This repo is based on @tomaztk great work in Benchmarking file formats for cloud Storage.
This repo provides the format_benchmark_tool
python module.
It is used to compare various pandas file formats.
.csv
.json
.xml
.xlsx
(Excel).pkl
(Pickle).h5
(HDF5).feather
.parquet
.orc
.dta
(Stata)
For ease of use we provide a simple Jupyter Notebook benchmarking all supported file formats and generating pretty graphs.
Results are based on experiments with multiple datasets from RoboCup 2D Simulation league recordings (≅20MB csv data).

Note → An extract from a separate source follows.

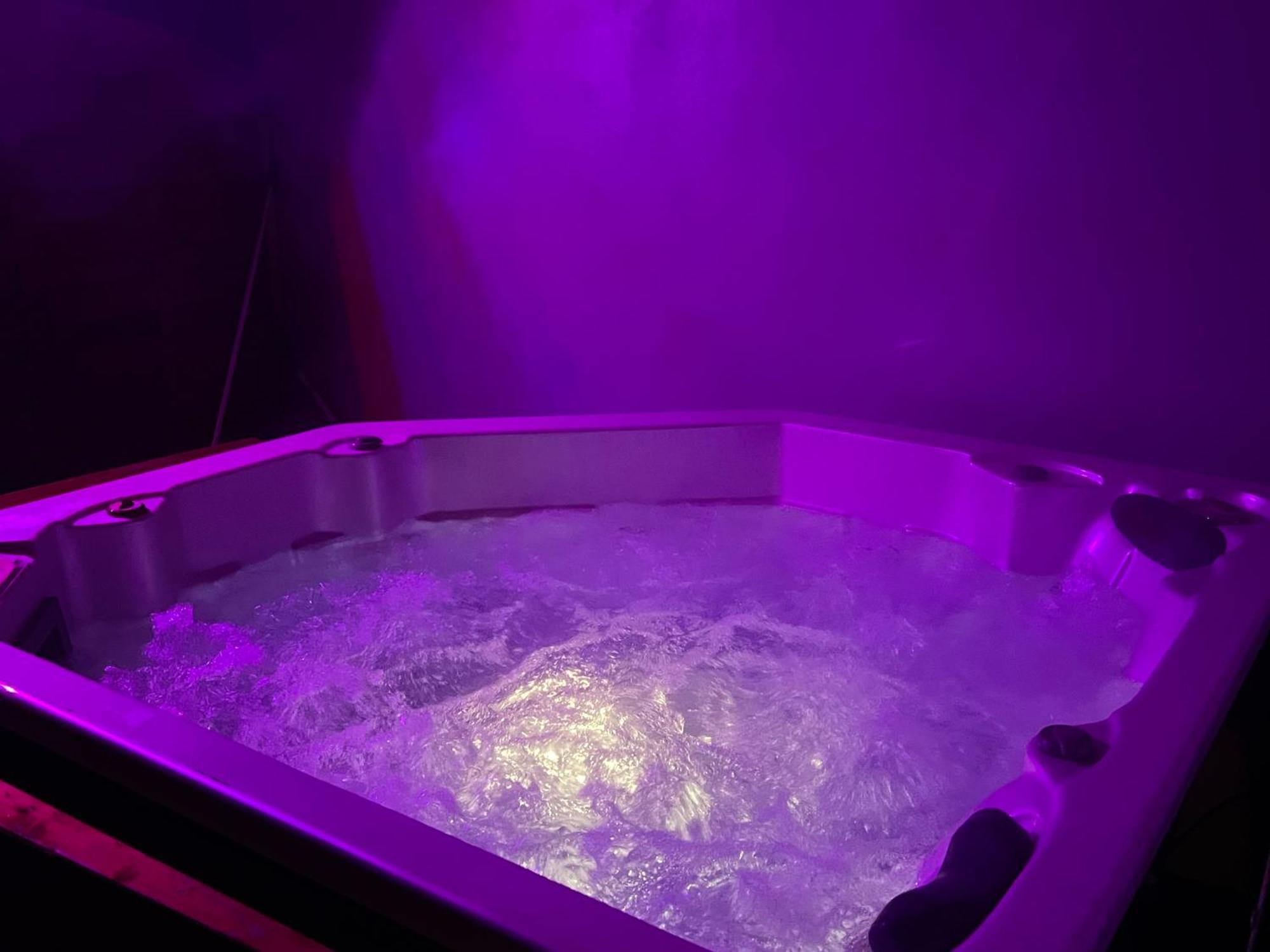 Le Gite Du Cavalier Au Coeur De La Foret/Jacuzzi Dole Exterior photo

Format | Read time Rank | Write time Rank | File Size Rank | Type | Language Support | Notes |
---|---|---|---|---|---|---|
Pickle | 1 | 1 | 7 | binary | Python | |
Feather | 2 | 2 | 2 | binary | Python, R, Julia, JS | May not be stable |
Parquet | 3 | 4 | 1 | binary | Python, Java, C++, PHP, JS, ... | |
HDF5 | 4 | 3 | 8 | binary | Python, C, C++, Java, ... | |
Orc | 5 | 5 | 3 | binary | Python, Java, C++ | |
Csv | 6 | 7 | 4 | text | UNIVERSAL | |
Stata | 7 | 8 | 6 | binary | Stata, Python (Pandas) | Limited data type support |
Json | 8 | 6 | 9 | text | UNIVERSAL | |
Xml | 9 | 9 | 10 | text | UNIVERSAL | |
Excel | 10 | 10 | 5 | text | UNIVERSAL |